- Exercise instructions: The required answer is the run of lines from the one holding "Unstitched Georgette Hand" to the end of the data below, copied exactly and free of pictures.

Captioned web images:
============
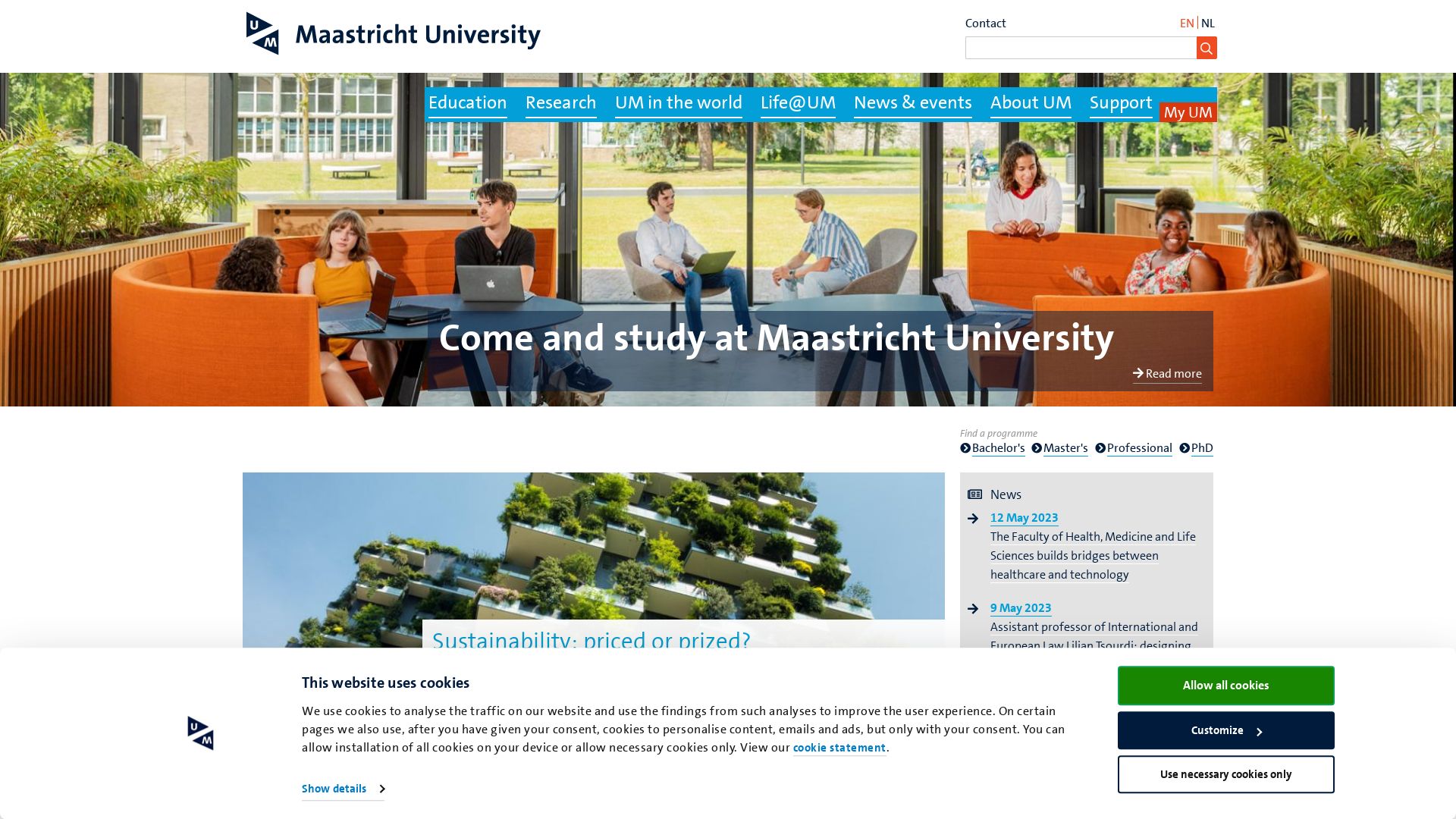 Webseitenstatus maastrichtuniversity.nl ist   ONLINE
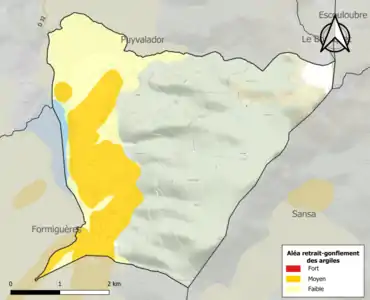 Carte des zones d'aléa retrait-gonflement des argiles.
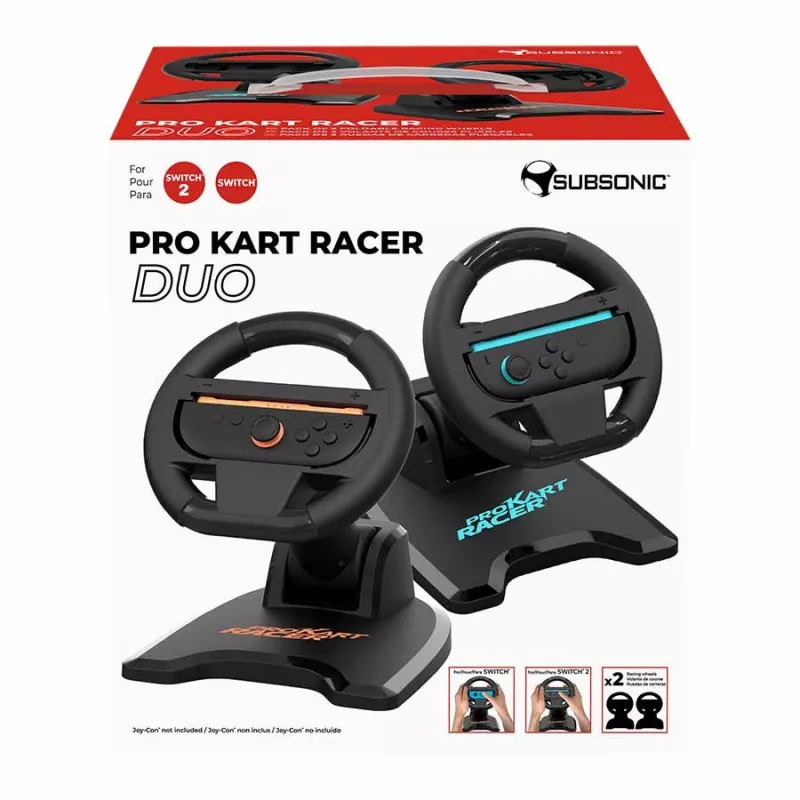 Vairavimo ratas SUBSONIC SA5727-2 Pro Kart Racer Duo, skirtas „Nintendo Switch“ su dviejų valdiklių palaikymu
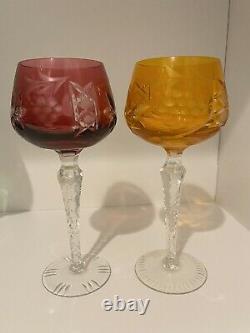 (6) Ajka Marsala Crystal Cut To Clear Multi Color Wine Hock Glasses 8 1/4h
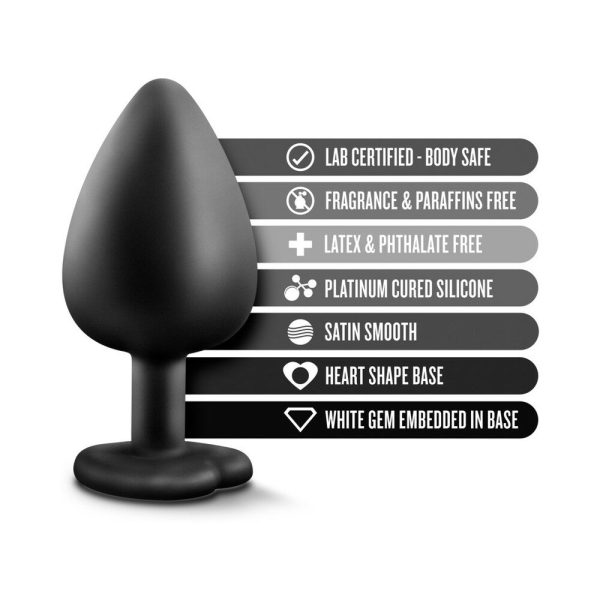 Temptasia Bling Anal Plug with Heart-Shaped Gem Base Large Black - Image 5
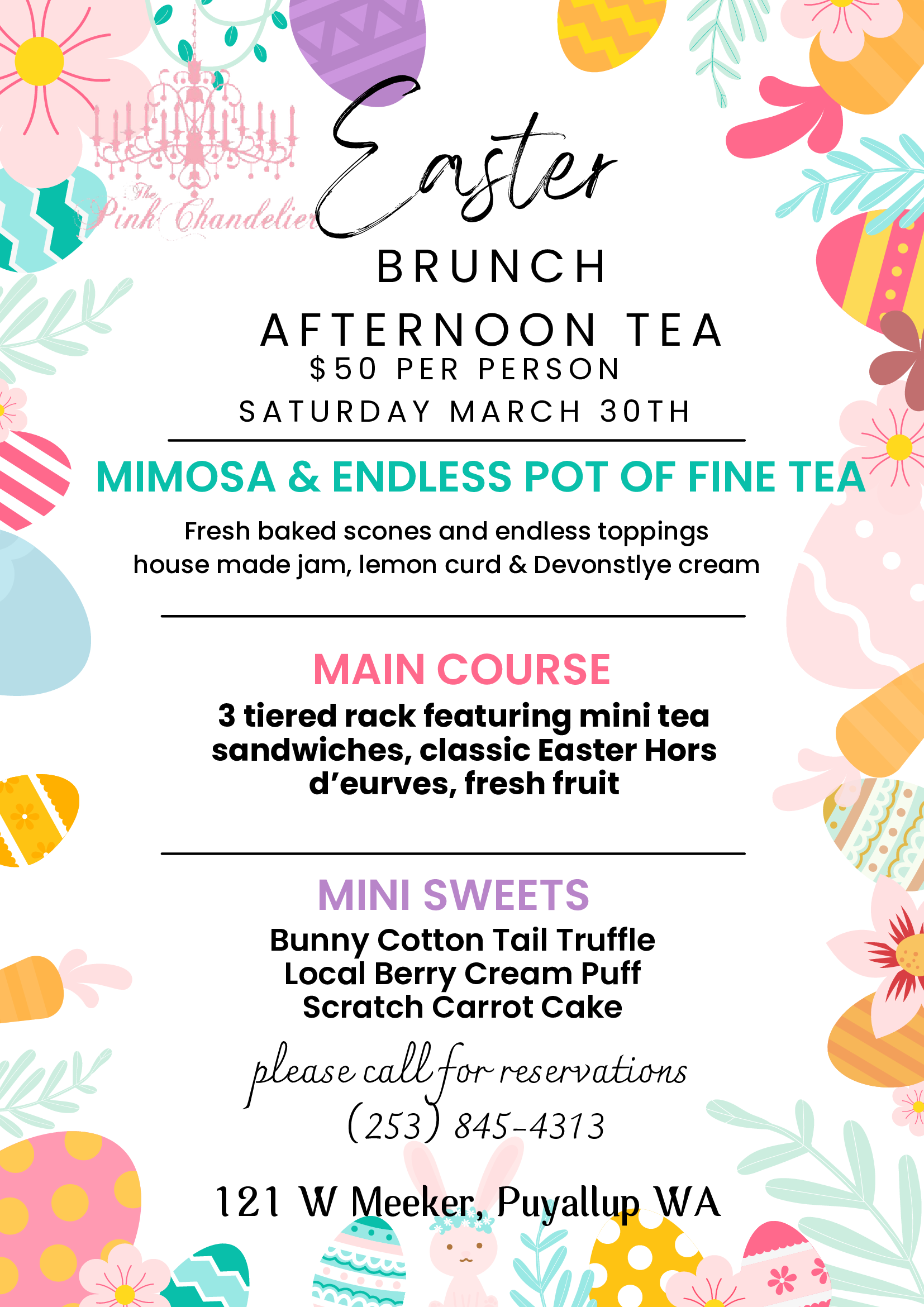 Easter Brunch Afternoon Tea — Puyallup, WA — The Pink Chandelier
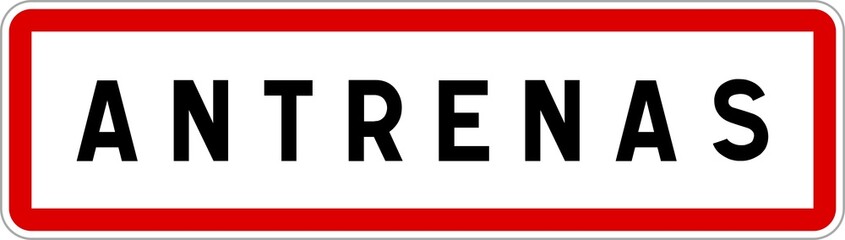 Obraz premium Panneau entrée ville agglomération Antrenas / Town entrance sign Antrenas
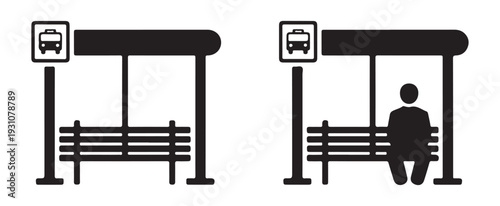 Public transportation bus stop icon set with passenger waiting at station shelter for transit navigation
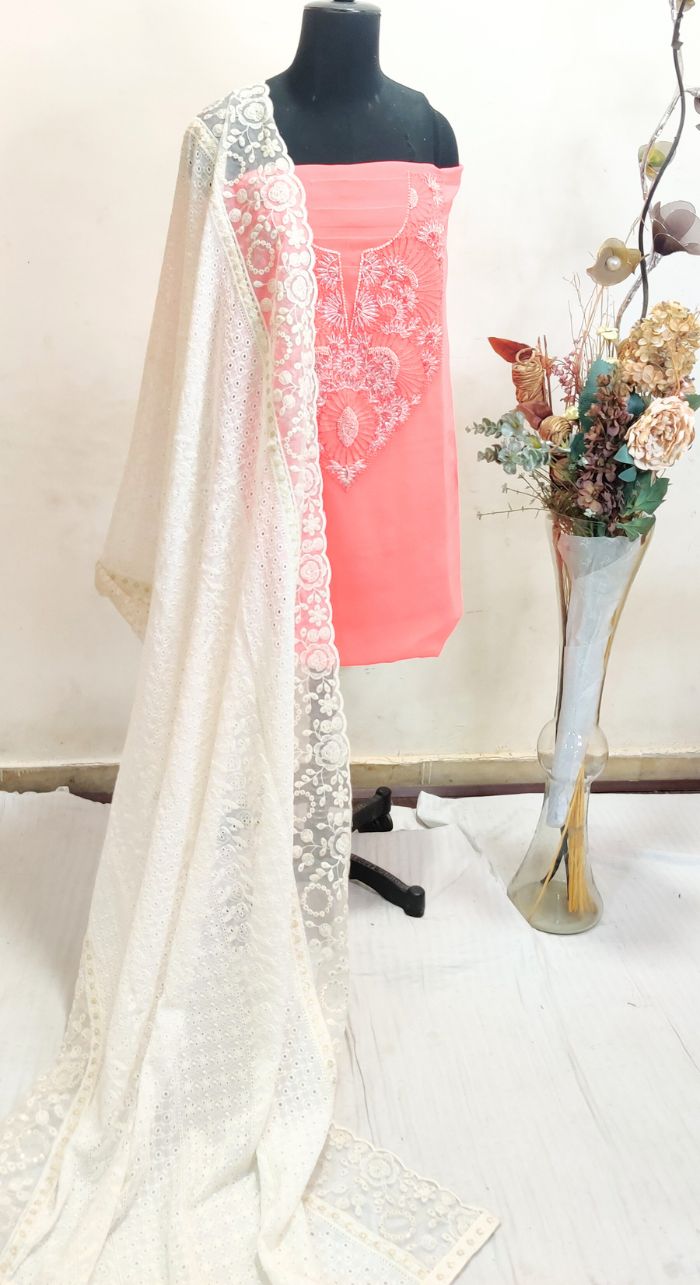 Unstitched Georgette Hand Embroidered 3 Piece Suit With Cut Work Organza Dupatta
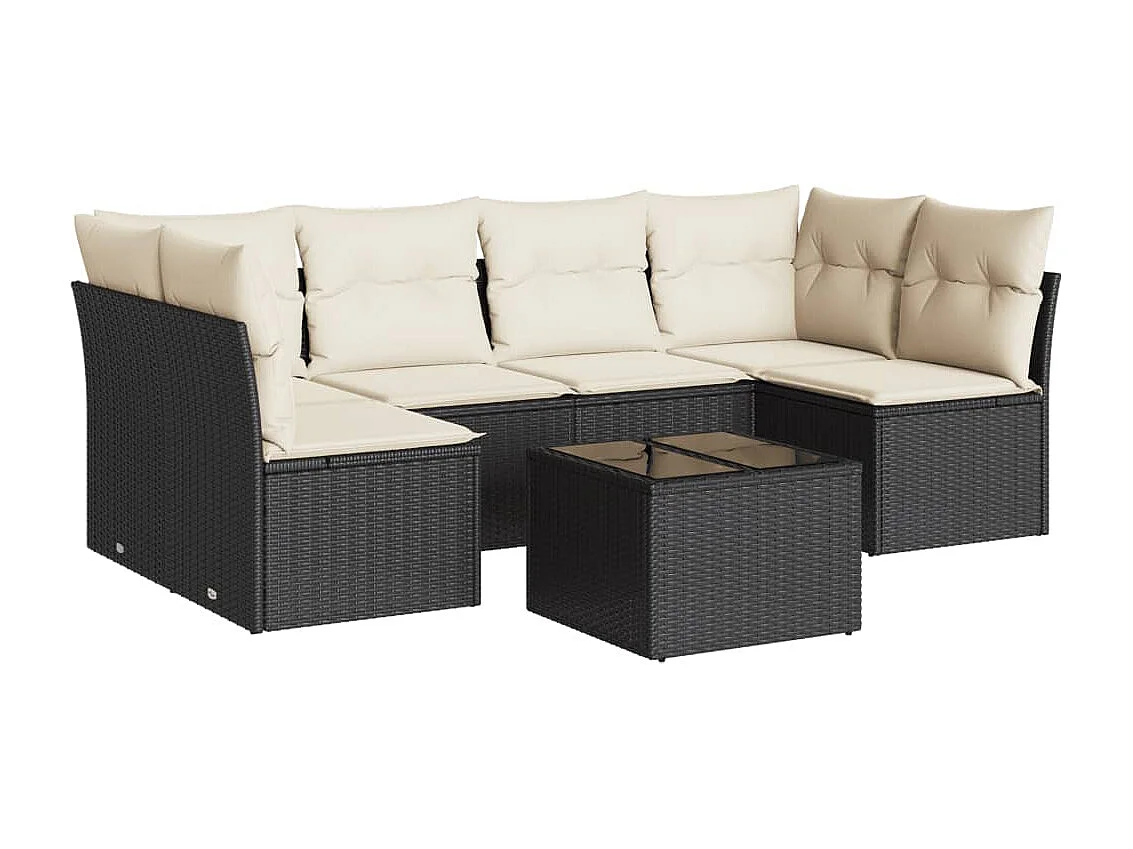 7-tlg. Garten-Sofagarnitur,Gartenmöbel-Set mit Kissen Schwarz Poly Rattan -gkd677651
============
- Reply:
 Unstitched Georgette Hand Embroidered 3 Piece Suit With Cut Work Organza Dupatta
 7-tlg. Garten-Sofagarnitur,Gartenmöbel-Set mit Kissen Schwarz Poly Rattan -gkd677651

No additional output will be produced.